### Dataset records
■ ■ ■ ■ ■ ■ ■

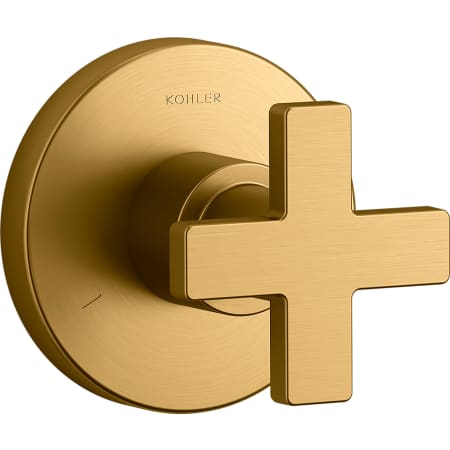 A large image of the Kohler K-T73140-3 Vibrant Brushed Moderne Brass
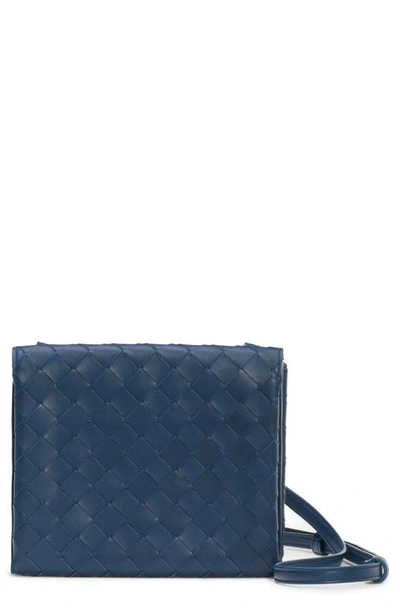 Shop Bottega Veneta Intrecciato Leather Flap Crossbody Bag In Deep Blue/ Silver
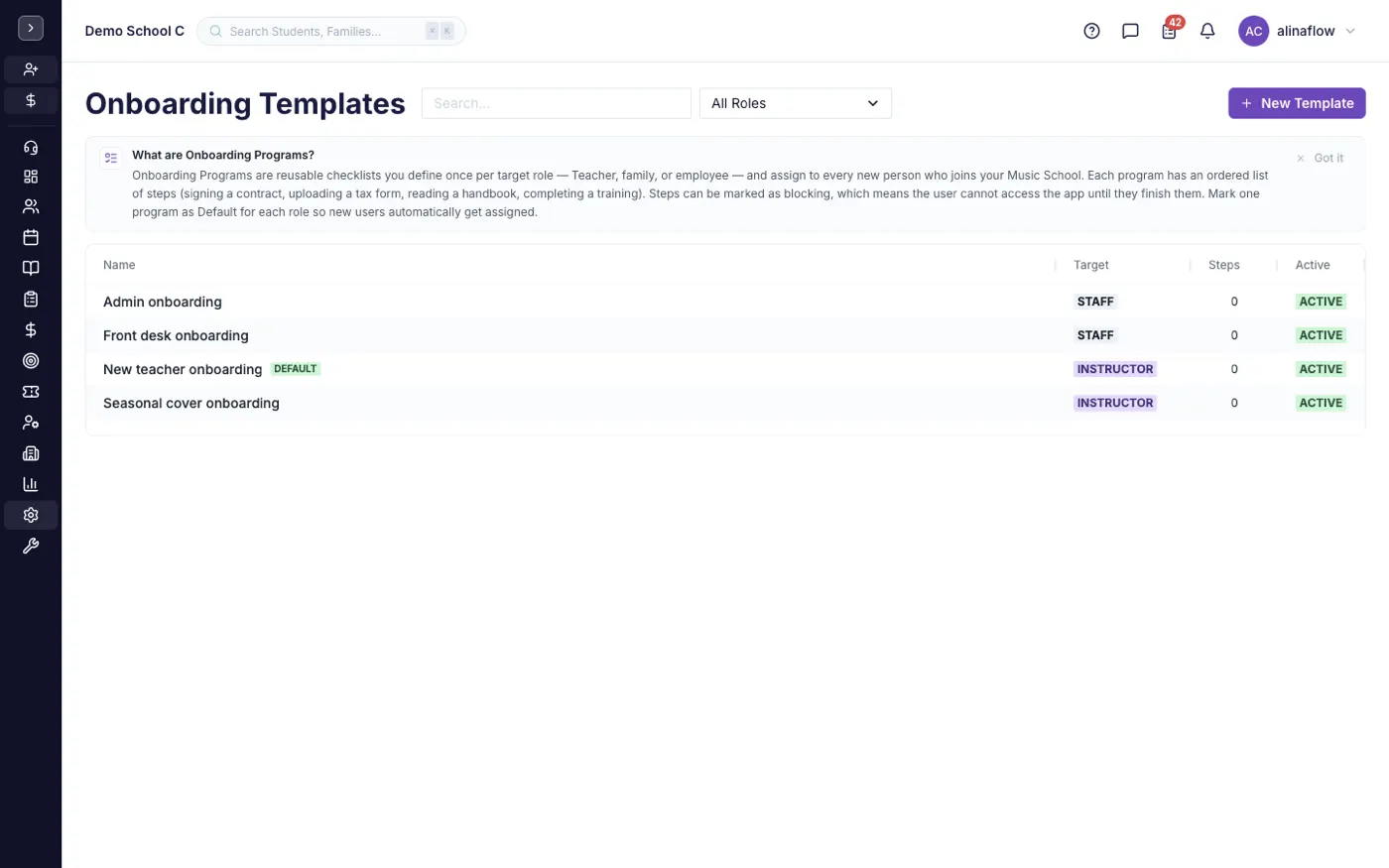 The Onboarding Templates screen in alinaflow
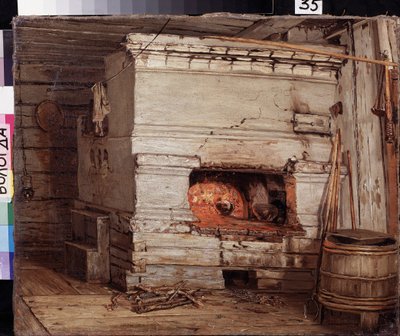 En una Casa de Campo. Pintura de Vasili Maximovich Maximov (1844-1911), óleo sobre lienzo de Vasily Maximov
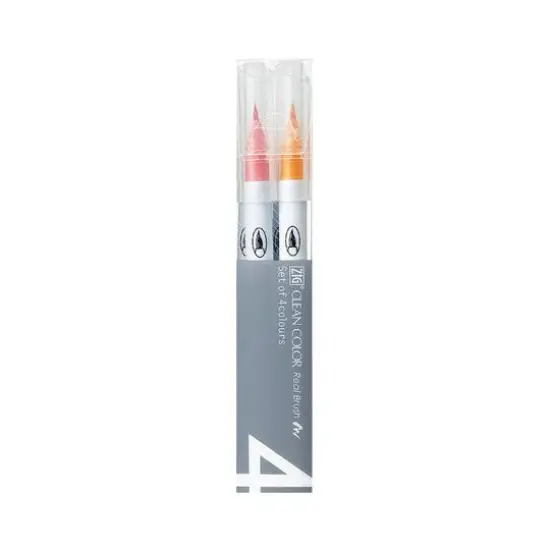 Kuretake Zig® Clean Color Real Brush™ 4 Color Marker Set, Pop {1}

■ ■ ■ ■ ■ ■ ■

### Your assignment
From the first line to the last, restate the entries exactly, without pictures.

### Your solution
 A large image of the Kohler K-T73140-3 Vibrant Brushed Moderne Brass
 Shop Bottega Veneta Intrecciato Leather Flap Crossbody Bag In Deep Blue/ Silver
 The Onboarding Templates screen in alinaflow
 En una Casa de Campo. Pintura de Vasili Maximovich Maximov (1844-1911), óleo sobre lienzo de Vasily Maximov
 Kuretake Zig® Clean Color Real Brush™ 4 Color Marker Set, Pop {1}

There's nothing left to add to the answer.